DDLogVerbose(@"Control flow. Could be inside an if/else statement letting you know which way the code went.");

In a team environment I would document this and include it in code reviews so that logging is consistently implemented.

3. Give devops visibility in the field

Logging is more about production support than anything. Devs typically think about logging as a way to help debug the app during development unless they've had to maintain a production app before. During development I prefer to use breakpoints and the debugger instead of logging.

In a consumer facing iOS app you typically don't have a direct line to the end user. The best way monitor the overall health of the system is to ship logs to a central place where they can be read.

I have a zero infrastructure policy for Thread because I'm the only engineer on the team and I need to scale myself. I'm using Loggly which is log management as a service. LumberJack has a custom logger which automatically ships logs out to Loggly.

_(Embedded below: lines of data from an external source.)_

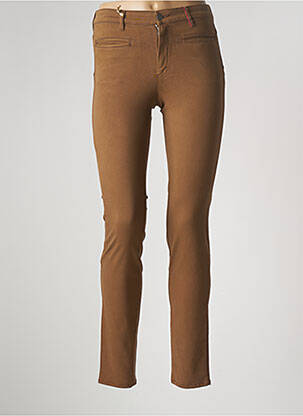 Pantalon slim stretch taille normale marron COUTURIST femme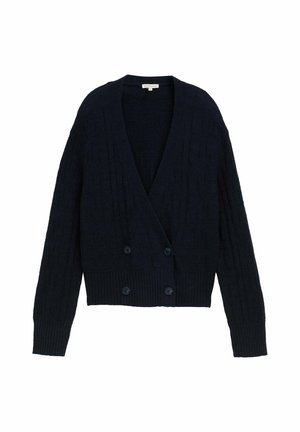 Dark blue knitted cardigan featuring a deep V-neck, long sleeves, and double-breasted button closure with ribbed hem and textured pattern.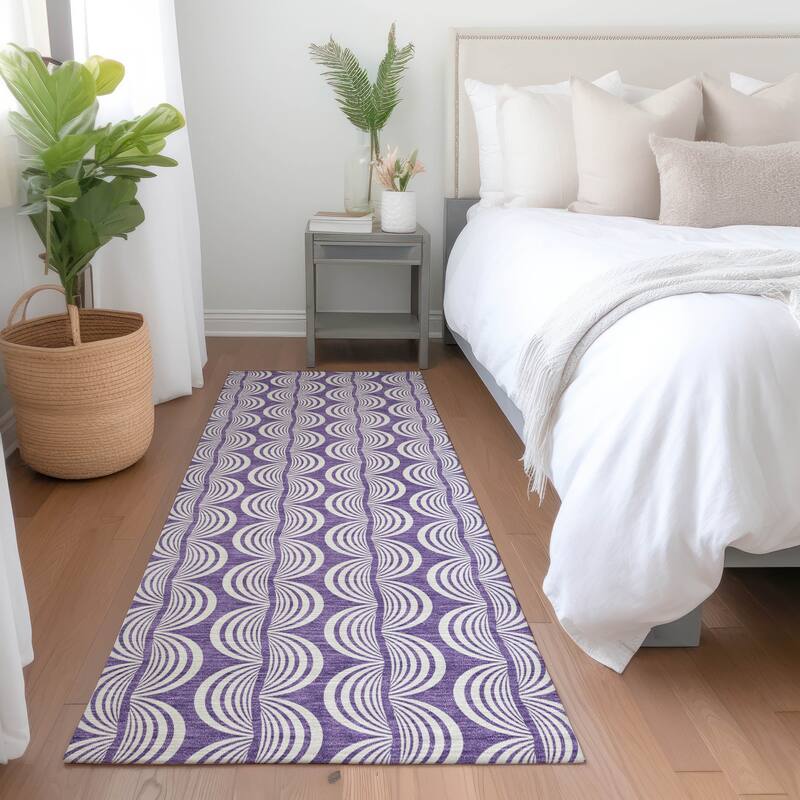 Machine Washable Indoor/ Outdoor Contemporary Chantille Rug - Purple - 2'3" x 7'6"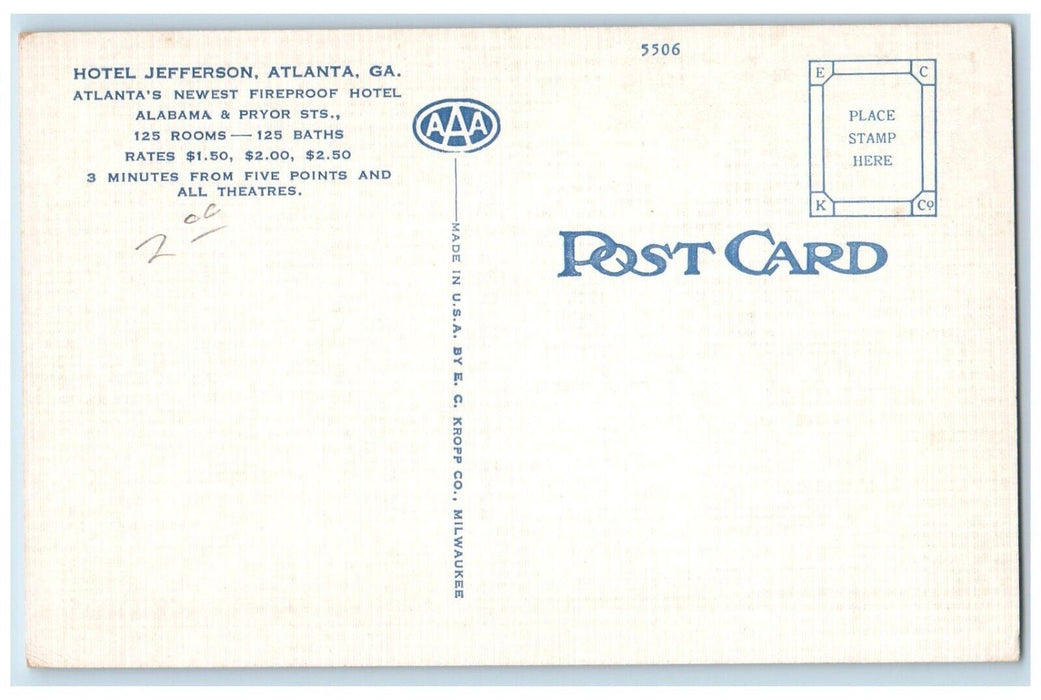 c1940's Interior Lobby Mezzanine Lounge, Jefferson Motel Atlanta GA Postcard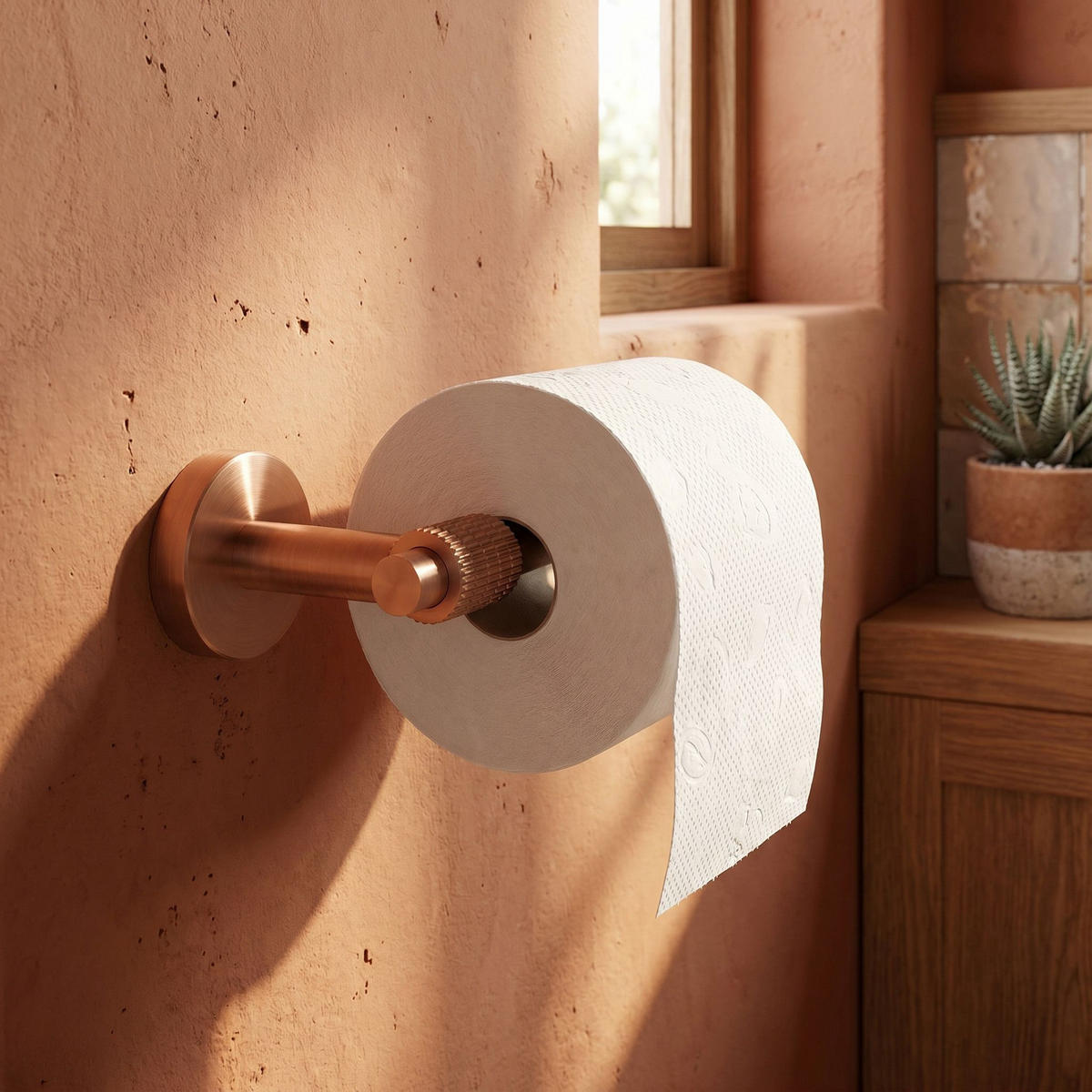 HALTER Für Toilettenpapier Rea 29105 Riwon Brush Copper - Kupferfarben, Metall (16/5/8.5cm) - REA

I send logs from the client and server code. Each log statement contains a user ID so I can trace whats happening across the whole stack for a single user.

In production I only record Errors from our iOS app by default. I'm especially interested if calls to our backend systems error out and have an automated alert routed to my phone in that event. I have more detailed logging inside the server code though. This alone has saved me more than once in the last year as I was able to revert a change within minutes of introducing a critical bug to our server code.

I haven't needed this yet, but if I had the time I could send all device logs to Loggly based on a configuration flag. Imagine that flag could be sent to the client via silent push notification or enabled globally via a settings package the clients might download on each app start.

4. Evolve your logging over time

The last point I want to make is that your logging should evolve over time as you dial in what works for you. At first you might find that your logs are too verbose and contain a lot of noise. Or, like my first production system, you forgot about logging and find that you have no idea what's happening once the code is no longer running in your dev environment.

Take each defect that you troubleshoot and as you read the logs think about each statement in that log file. Are there lines in the logs that you find your eyes always skipping over? Those are good candidates to get pushed out to a higher verbosity level or removed completely.

If you weren't able to isolate a problem with logs and had to resort to guessing what happened on your own device than you have a blindspot. I try to identify blindspots and systematically eliminate them as I go.

The right thing to do would be to file an issue in the defect tracker to be addressed on the next release cycle. Also try to think more generally when you add new logging. For example, if you are adding logging around a call to an external resource, you should wrap all calls to external resources at the same time so that your logs are consistently formatted and easy to read.

That's a pretty good foundation that I've picked up over the years. It's saved my bacon on more than one occasion for sure.

I'm interested in hearing about your logging best practices too.